Not much is salvageable when the core of a city is washed away by a river.
That’s what happened in the City of Trail 70 years ago when the Columbia River peaked at 46 feet and swept away houses or left them submerged in dank water.
So the lack of tangible reminders from the great flood of ‘48 presented a challenge during the development of the Trail Riverfront Centre’s first in-house exhibit called “The Flood of ‘48: A River Ran Through It!”
But figure it out they did, and the must-see showcase is ready to open today and will run until the end of September.
“This is our prototype exhibit,” began Museum and Archives Manager Sarah Benson-Lord. “Where the city and the Trail Historical Society worked collaboratively, as we set out to do, when the new operations model was laid out.”
With no artifacts to display, the group had to come up with clever ways to depict and create an interesting experience for visitors, Benson-Lord said.
“We did a lot of research in the newspapers, that was our primary source of information,” she explained. “But we do have a few things we are putting out on display, including a video that was shot in 1948 during the flood.”
Turns out there’s an interesting story behind that video which many have likely viewed online.
“It just so happens that Cominco, at the time, had commissioned Associated Screen News of Canada, a film production company,” Benson-Lord revealed.
The news crew was in town shooting a feature on the smelter called “No Man is an Island.”
“That video is actually playing upstairs in ‘The Hill’ section of our gallery as a permanent fixture,” Benson-Lord said. “And because they just happened to be filming that at the time, they were also able to capture this momentous occasion of the ‘48 flood.”
The eight-minute reel captures the devastation of Mother Nature.

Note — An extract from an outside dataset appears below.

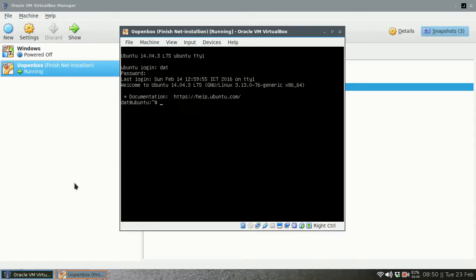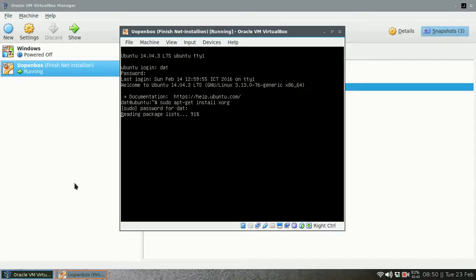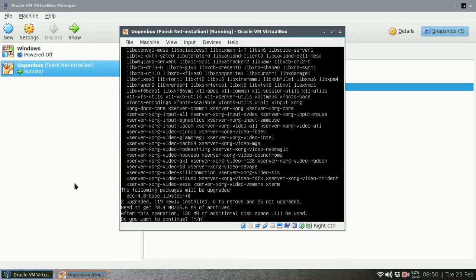The next thing we need to do is install the xorg package, the foundation of any graphical user interface. So: sudo apt-get install xorg. This is a very important package — without it, we can't have the user interface.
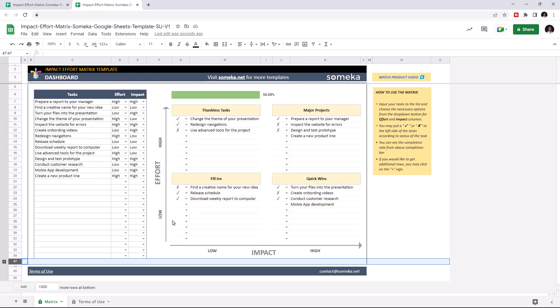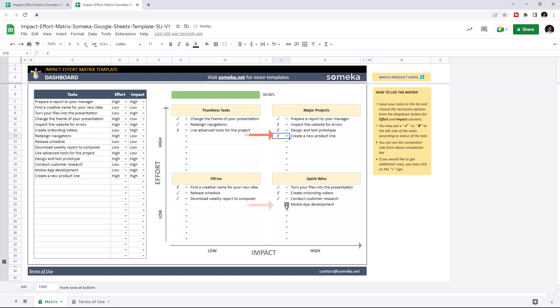And our new tasks are placed in the metrics according to their effort and impact level. And you can put a check sign or a cross sign according to the status of each individual task, and track the completion rate from the completion bar above.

More than that, however, the film reflects the resilient spirit of the people of Trail.
“The video is narrated with drama and period music,” Benson-Lord said. “And you just get a sense that ‘wow,’ this was a harrowing experience for Trail. And they really focus in the video, like we do in the exhibit, just how much the people rallied together.”

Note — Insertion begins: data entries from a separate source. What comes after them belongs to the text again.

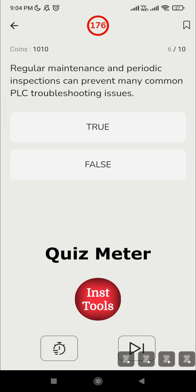Question 6: 'Regular maintenance and periodic inspection can prevent many common PLC troubleshooting issues.' This is True. Regular hardware maintenance done at scheduled intervals will reduce troubleshooting issues. Proactive monitoring can identify potential problems and inconsistencies before they escalate. Preventive measures include cleaning, tightening connections, updating firmware, calibrating sensors, and checking batteries — these are all health checks for the machines. So the answer is True.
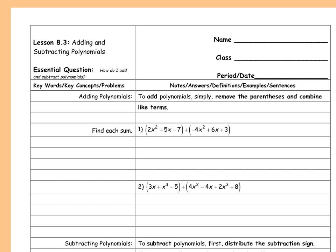To add polynomials, we're going to remove the parentheses and then combine our like terms. There are a couple different ways I'm going to talk about adding — I'm going to show them both on both of these problems. You can either add horizontally, which is the form it's in now, or we can add vertically by rewriting them in a different form.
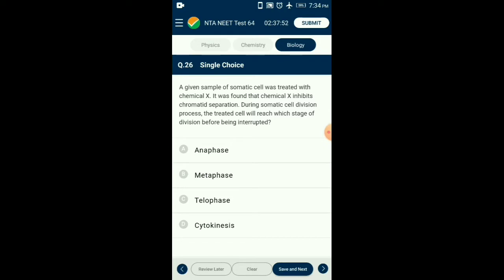Question number twenty-six: A given sample of somatic cell was treated with chemical X, which inhibits chromatid separation during somatic cell division. Chemical X is colchicine, a mitotic inhibitor. It does not allow spindle fiber to be formed. Thus condensation of chromosomes will occur and prophase will be completed, but metaphase won't be completed. So the answer is option B: metaphase.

Open to the public during regular Riverfront Centre hours, entry to the exhibit and all museum galleries, is free.
The flood of 1948 was a province-wide crisis that impacted many B.C. communities situated along major tributaries. In Trail, the damage was immense along low-lying areas of town, especially Columbia Avenue on the east and Riverside and Groutage Avenues in West Trail.
Many are familiar with the images of Bay Avenue during the flood, but the exhibit turns attention to damage and efforts in East Trail, as well.

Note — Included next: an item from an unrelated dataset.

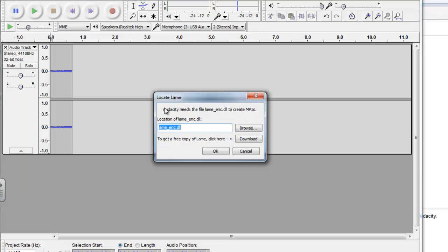So if you're getting an error dialog that looks like this, Audacity needs file lame enc to create mp3s, we can show you how to do that here.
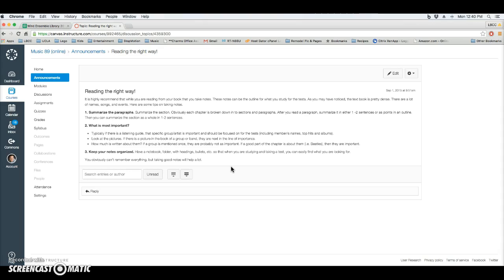Often the book will have pictures of various artists. Those are usually more important than the ones that don't have pictures. And typically if there is a listening guide, if there is music that you're supposed to listen to based upon that artist, they are more important than others.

“The flood of 1948 was yet another example of the generosity and volunteerism for which the residents of Trail are known,” Benson-Lord said. “The community response was overwhelming.”
Newly opened in April 2018, the Trail Museum & Archives exhibits, interprets and manages the collections of the Trail Historical Society from the new Riverfront Centre in downtown Trail. Three dedicated galleries depict the social and cultural heritage of this industrial West Kootenay, known for its sports legacies and industrious roots. The Trail Museum & Archives is a City of Trail facility and is integrated with the Trail and District Public Library in the new centre.